(GIVEN INFORMATION)
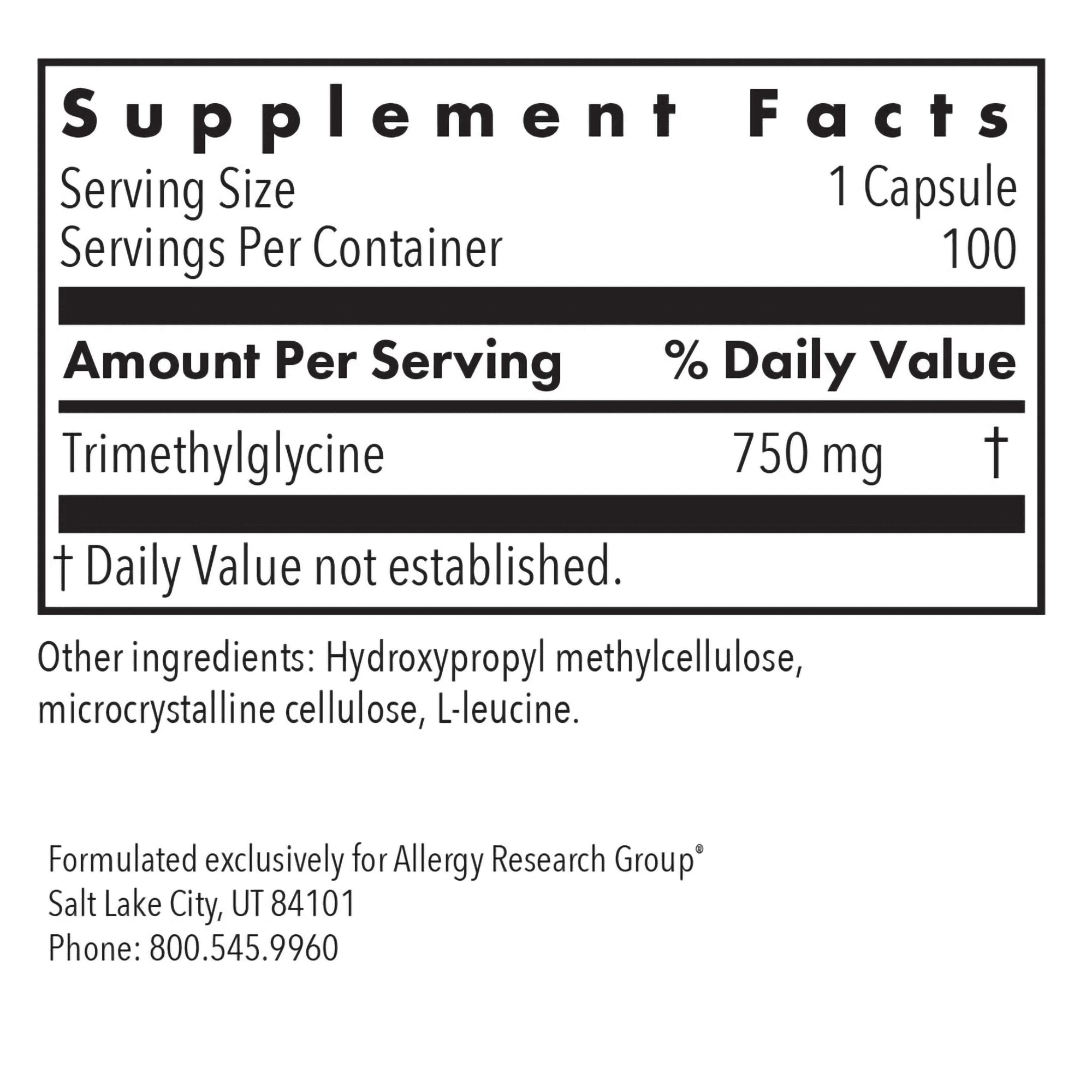 ARG TMG Trimethylglycine - Supports Cardiovascular & Liver Health - Delivers 750 mg Trimethylglycine per Serving - Vegetarian & Hypoallergenic - 100 Servings - 100 Capsules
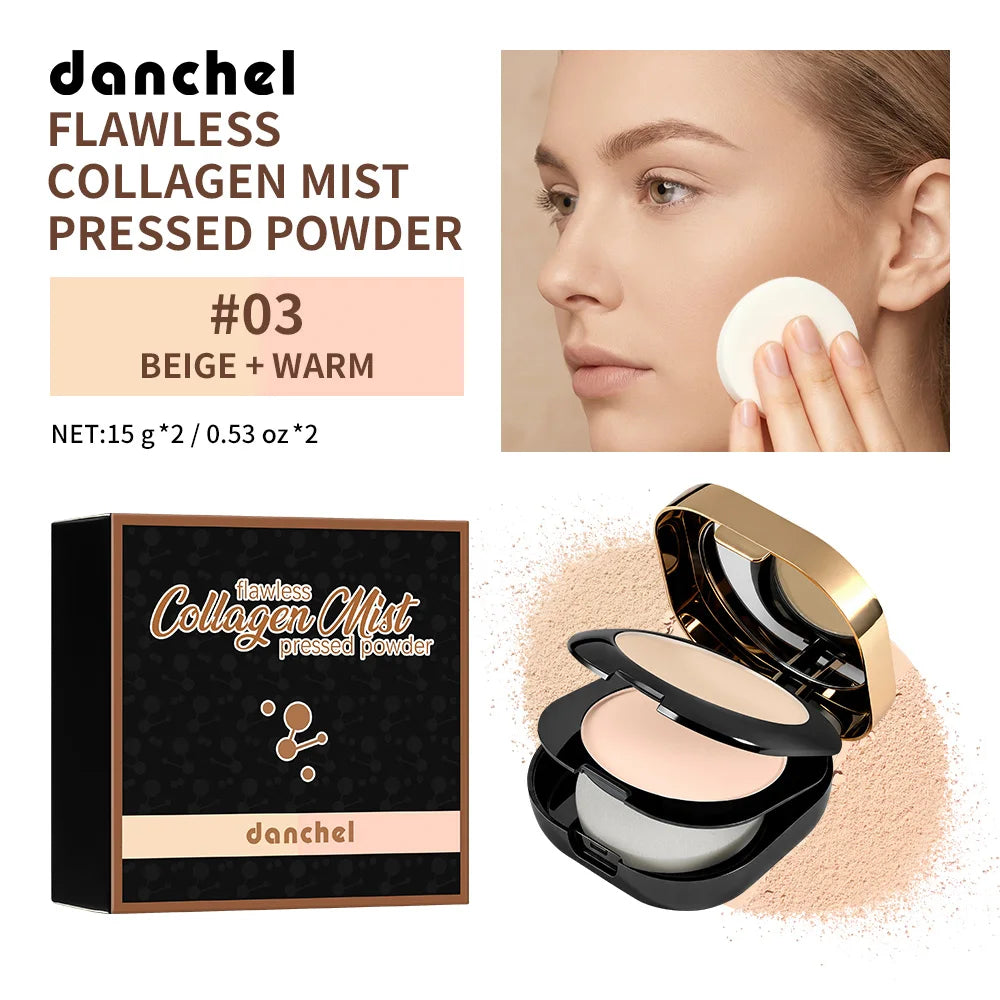 Polvo Compacto de Colágeno de Doble Capa, Control de Grasa, Acabado Mate, Maquillaje Facial de Larga Duración, Contorno e Iluminador para Mujeres, Belleza Diaria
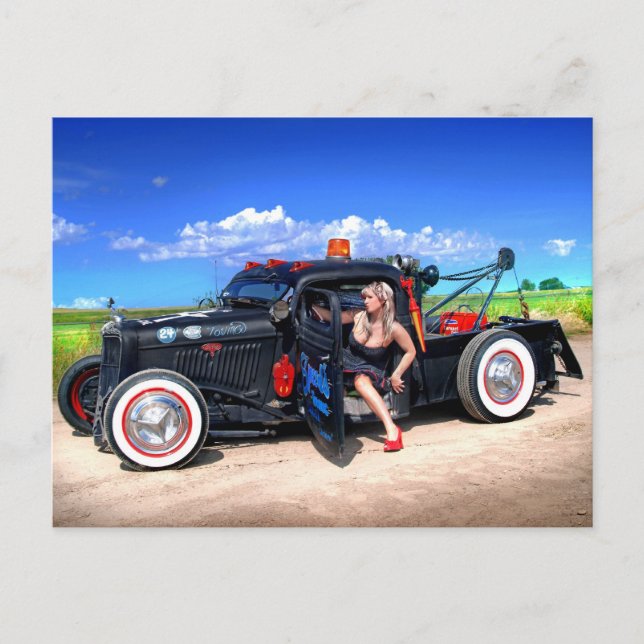 Speeds Towing Rat Rod Truck Pin Up Girl Postcard (Front)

(WHAT TO PRODUCE)
Your answer must be an exact copy of the listing, with every picture omitted.

(ANSWER SECTION)
 ARG TMG Trimethylglycine - Supports Cardiovascular & Liver Health - Delivers 750 mg Trimethylglycine per Serving - Vegetarian & Hypoallergenic - 100 Servings - 100 Capsules
 Polvo Compacto de Colágeno de Doble Capa, Control de Grasa, Acabado Mate, Maquillaje Facial de Larga Duración, Contorno e Iluminador para Mujeres, Belleza Diaria
 Speeds Towing Rat Rod Truck Pin Up Girl Postcard (Front)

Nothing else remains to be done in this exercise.